Weaviate 1.18.0
We are happy to announce the release of Weaviate 1.18
, which brings a set of great features, performance improvements, and fixes.
The Brief
If you like your content brief and to the point, here is the TL;DR of this release:
- Faster Filtering with Roaring Bitmaps – modern data structure that dramatically boosts the speed for filtered searches
- HNSW-PQ – enables great performance at a fraction of the previous RAM requirements
- Improvements to BM25 and Hybrid Search – faster scoring with the WAND implementation and added filter support
- Replication – two new replication features: tunable consistency for all read and write REST operations, and repair on read
- Cursor API – simple way to export every object from Weaviate
- Azure Storage backup module – extends our cloud-native backup capabilities further by introducing the
backup-azure
module.
Read below to learn more about each of these points in more detail.

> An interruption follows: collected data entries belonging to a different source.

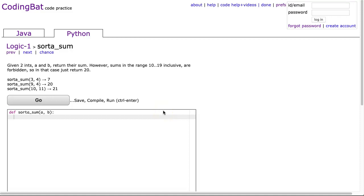Hello. I hope this video finds you well. Tonight we're going to look at sorta_sum from Logic 1, and this is the Python solution.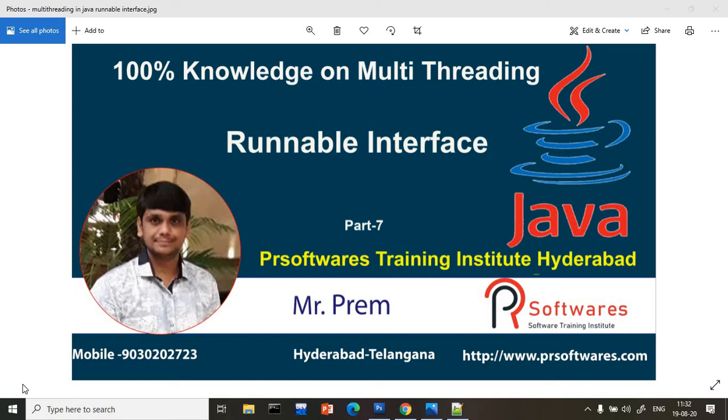Hi everyone, welcome to the Presence of Technical channel. In the multi-threading tutorial series, today we are going to start with the Runnable interface.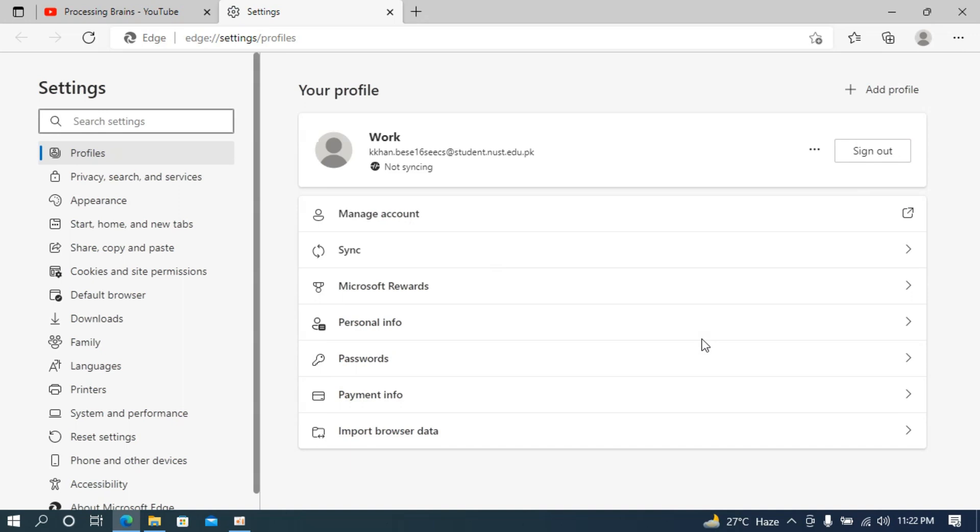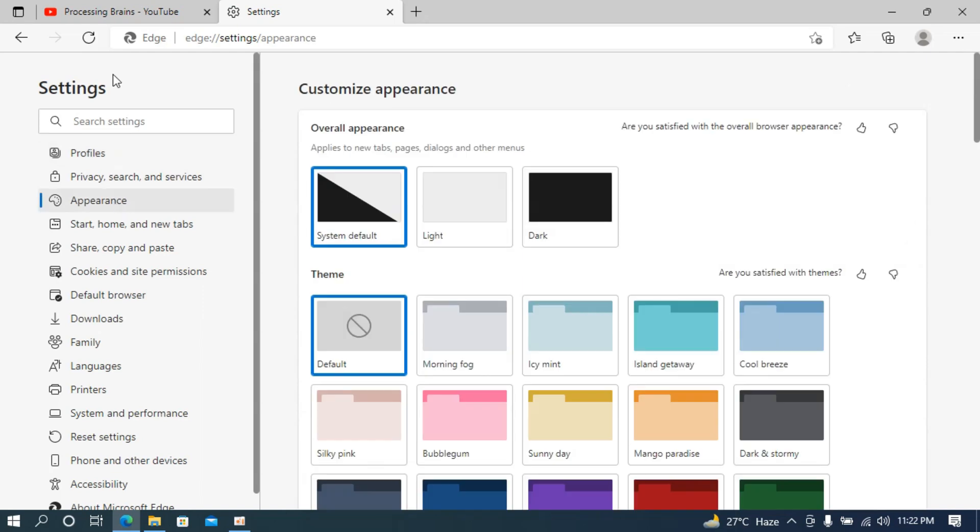Once here, you need to go to appearance. Here at the left, you can see appearance. This menu changes often, so in case you are unable to find the appearance, you can always go and click on search settings.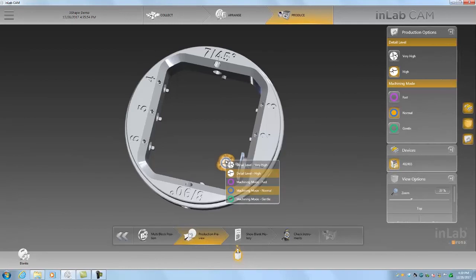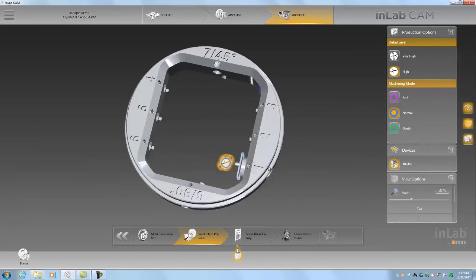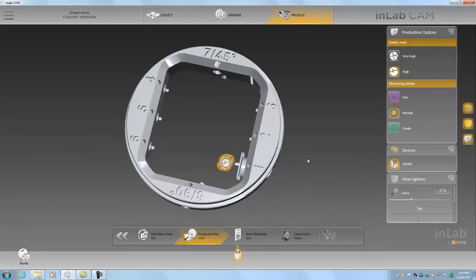In any case, the machining mode we can set here. It defaults to a high detail level with normal speed, which is generally what we're looking for. But you could set it to very high, which may use a slightly smaller tool bit to get that anatomical detail.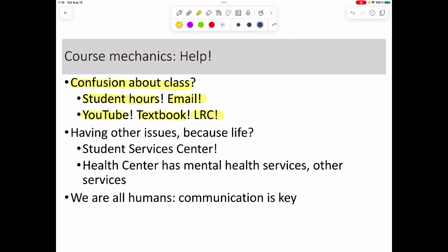You can also use the LRC library. Reach out and get help — don't wait until the last second. Many of you are taking this course to become nurses or work in allied health, and this material will show up again in microbiology, anatomy, and physiology. Don't blow it off. Life does happen, and we have student services — the health center is really good if you have mental health issues. I go to therapy; everyone should go to therapy.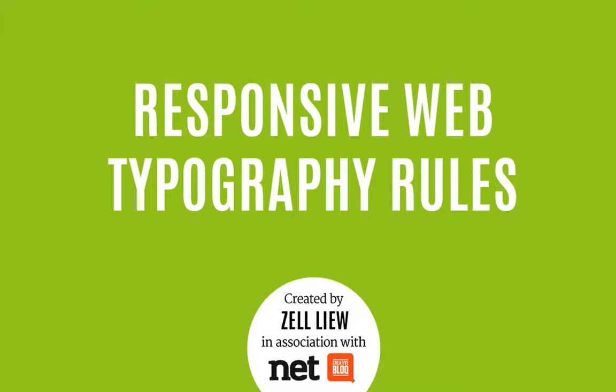Hi, I'm Zell and this is a video that complements the responsive web typography rules that I wrote for Net Magazine.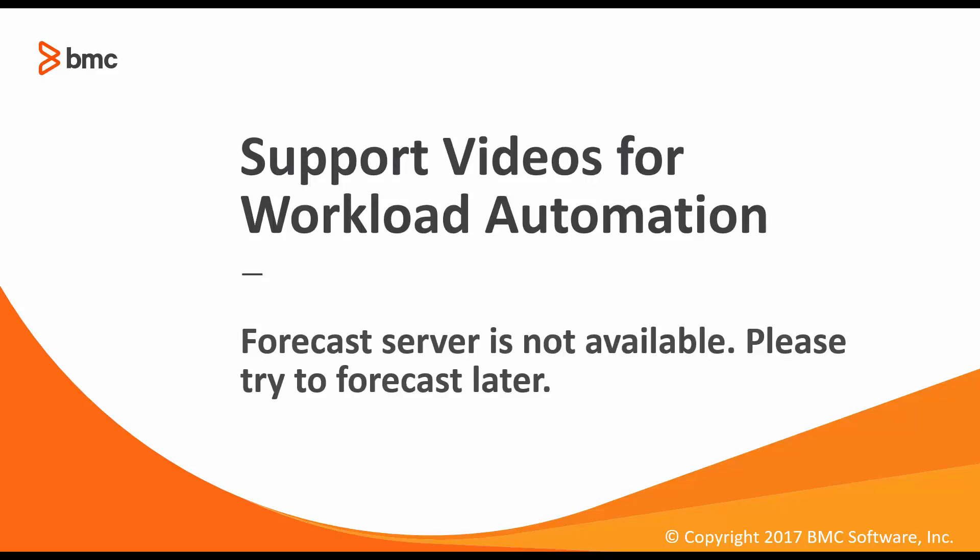Welcome to support videos for workload automation video series. In this video I'll talk about how to resolve the error forecast server is not available. Please try to forecast later that you receive in Control-M Enterprise Manager client when you try to open a job or a service in forecast domain.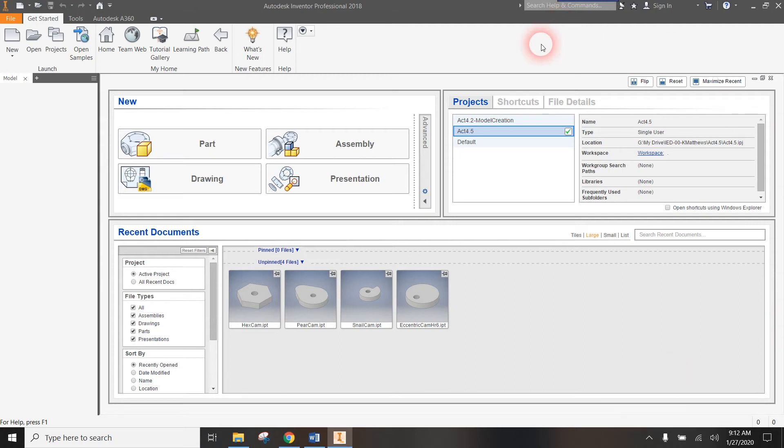Hello. Welcome to my tutorial on assembling the automata simulation for activity 4.5 that allows us to measure the amount of linear motion that you get when you turn the crank and the cam pushes one of the follower rods up and down.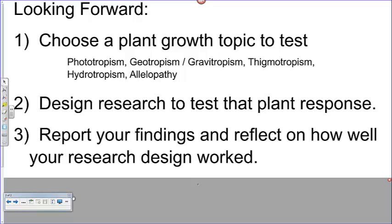I hope you've followed along with what we've been doing today. Tomorrow, we will be signing up for your topic that you would like to test and getting started planting our seeds. See you in class tomorrow.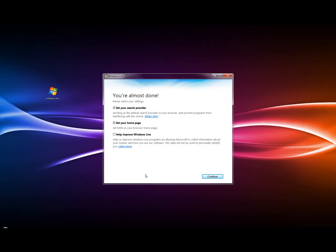Okay, again Microsoft is trying to get us to do things that we really don't want to do. I do not want to set my search provider as Bing - I prefer to use Google. I do not want to set MSN as my home page because again I prefer to use Google. But if you choose to set these, that's fine - it's just your preference. Press continue.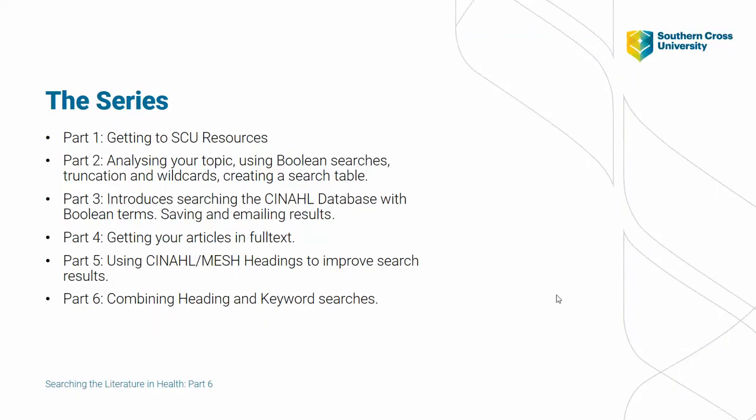This is the end of our presentation. If you need any assistance, please don't hesitate to get in contact with a librarian.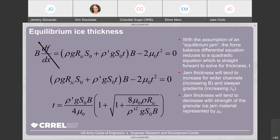This allows us to reduce the equation to something solvable with just a quadratic, providing a straightforward solution for estimating ice thickness. Ice thickness tends to increase for wider channels and steeper gradients, and decrease with the strength of the granular ice material — represented by the friction factor mu sub zero. So you see a proportional relationship with slope and channel width, and an inverse relationship with mu sub zero.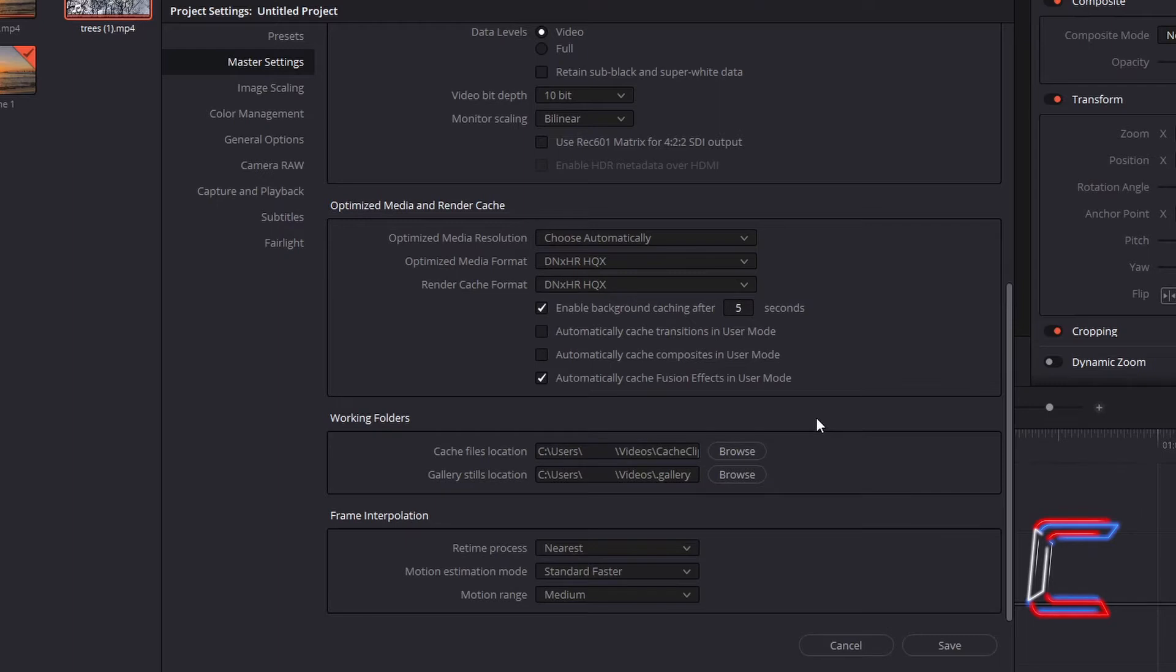You should find two directories written underneath this header. One to store cache files for your project, and another one to store the gallery stills.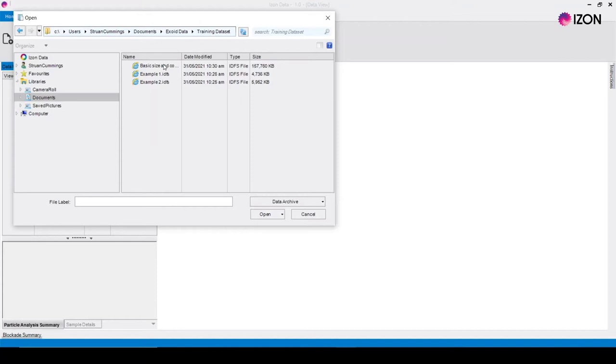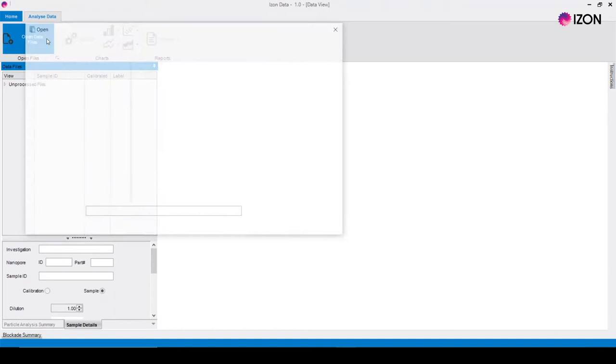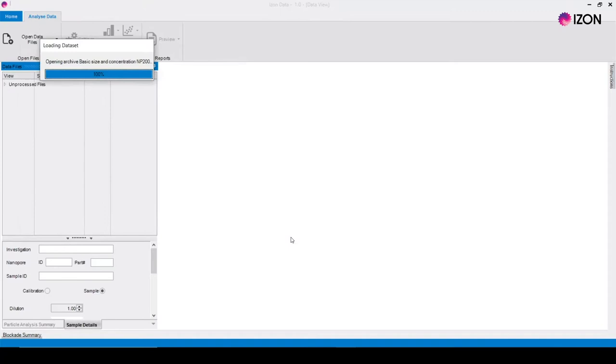Select all of the files you would like to open for processing and click open or click on the drop down arrow and select open all. You can hold control to select individual files or shift to select a range of files.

Faster Filtering with Roaring Bitmaps
This release introduces a compact, modern data structure to Weaviate called “Roaring bitmaps” that will replace the internals of the inverted index. The new Roaring bitmap indexing dramatically speeds up filtered searches, and we’ve seen it provide up to 1000(!) times faster performance in some cases.
Motivation
At Weaviate, we've been on a journey to keep up with the growing needs of our users. As more and more vectors are added to Weaviate instances, the "allow list" of pre-filtered items can reach tens, or hundreds of millions of objects. This can result in long retrieval times that are far from ideal from a user perspective. The introduction of Roaring Bitmaps is another step that will help us and our users scale to the next level.
Roaringly fast filtering
With the introduction of the natively-implemented RoaringSet
data type in 1.18
, speeds will be dramatically improved, especially for large allow lists. In our internal testing, we've seen queries that used to take 3-4 seconds execute in just 3-4 milliseconds.
The extra efficiencies are due to various strategies that Roaring Bitmaps employ, where it divides data into chunks and applies an appropriate storage strategy to each one. This enables high data compression and set operations speeds, resulting in much improved filtering speeds for Weaviate.
Weaviate version 1.18
and onwards will include this feature, and our team will be maintaining our underlying Roaring Bitmap library to address any issues and make improvements as needed. To read more about pre-filtering read the documentation here
What this means for you
From your perspective, the only visible change will be the a one-time process to create the new index. Once your Weaviate instance creates the Roaring Bitmap index, it will operate in the background to speed up your work.
We note that the current implementation is not yet applicable to filtering text
and string
data types, which is an area that we aim to tackle in the future.
If you are already dealing with a large dataset, this will likely improve your performance significantly. And if you are dealing with a growing dataset, you can be assured that Weaviate will stay performant even as your dataset grows.
HNSW-PQ
Weaviate is a very performant and robust vector database but it does require RAM to perform well and with 1.18
we are introducing a new feature that aims to give users the same performance they have come to expect from Weaviate but at a fraction of the previous RAM requirements! Currently, the two big RAM costs of Weaviate come, firstly, from needing to store neighborhood graphs which allow us to conduct approximate nearest neighbors search algorithms like HNSW, and secondly from having to store the entire vectors themselves in memory.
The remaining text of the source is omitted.